Copy exactly, and only, the lines between the start of the entries below and the line containing "Miron is single in Bethlehem, PA USA", both inclusive. Omit pictures.

------------------------

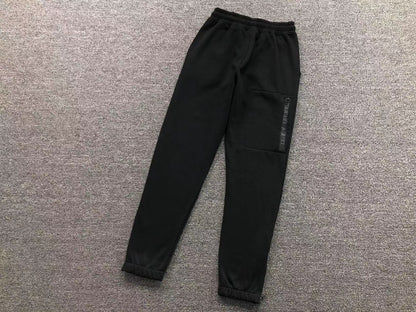 TRACKSUIT TUTA TRAPSTAR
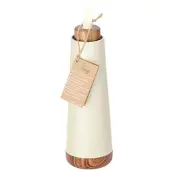 CHICMIC Bioloco Loop Flasche 500 ml pearl
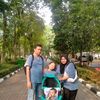 gwen_2473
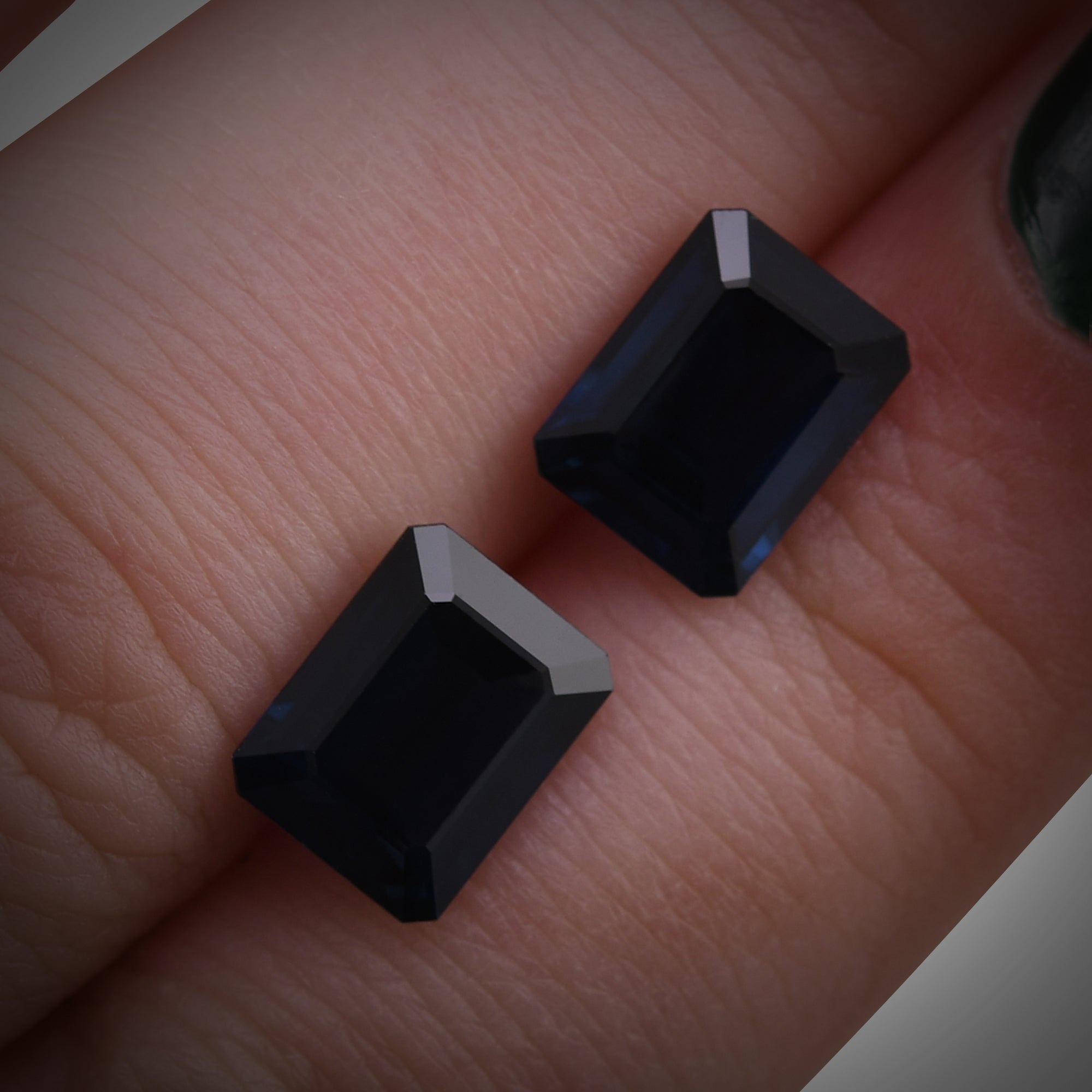 CVD/HPHT Lab Diamond Price Calculator Jewelry 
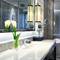 Отель Primus Hotel Shanghai Sanjiagang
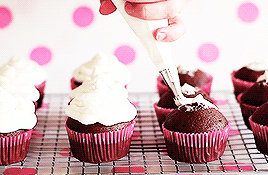 giphy (6).gif_new.gif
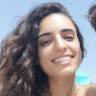 Judit
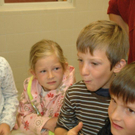 Schule am Bauernhof VS Innerbraz _83__jpg-1277069456
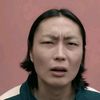 namgyglazeer124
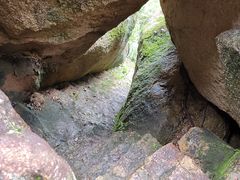 -青芝山风景名胜区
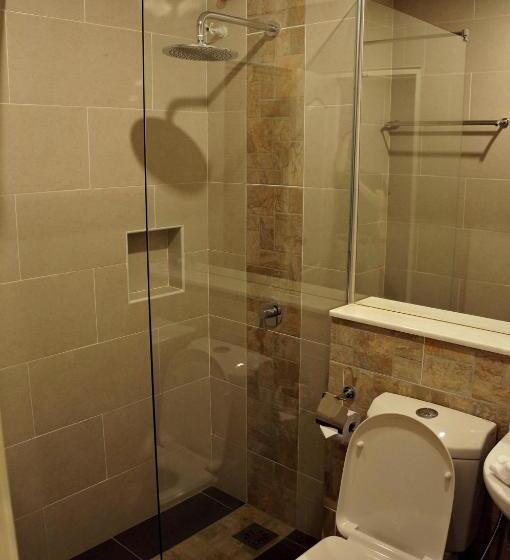 Fotos del hotel Art Cottage:  3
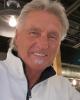 Miron is single in Bethlehem, PA USA
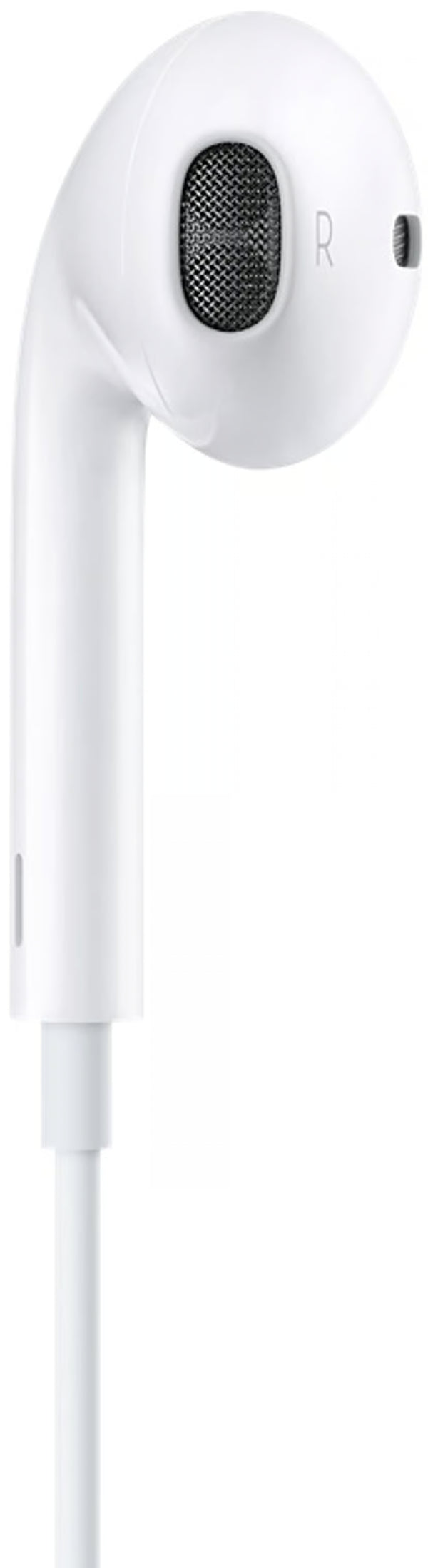 APPLE EARPODS WITH LIGHTNING CONNECTOR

------------------------

Answer to this problem>
 TRACKSUIT TUTA TRAPSTAR
 CHICMIC Bioloco Loop Flasche 500 ml pearl
 gwen_2473
 CVD/HPHT Lab Diamond Price Calculator Jewelry 
 Отель Primus Hotel Shanghai Sanjiagang
 giphy (6).gif_new.gif
 Judit
 Schule am Bauernhof VS Innerbraz _83__jpg-1277069456
 namgyglazeer124
 -青芝山风景名胜区
 Fotos del hotel Art Cottage:  3
 Miron is single in Bethlehem, PA USA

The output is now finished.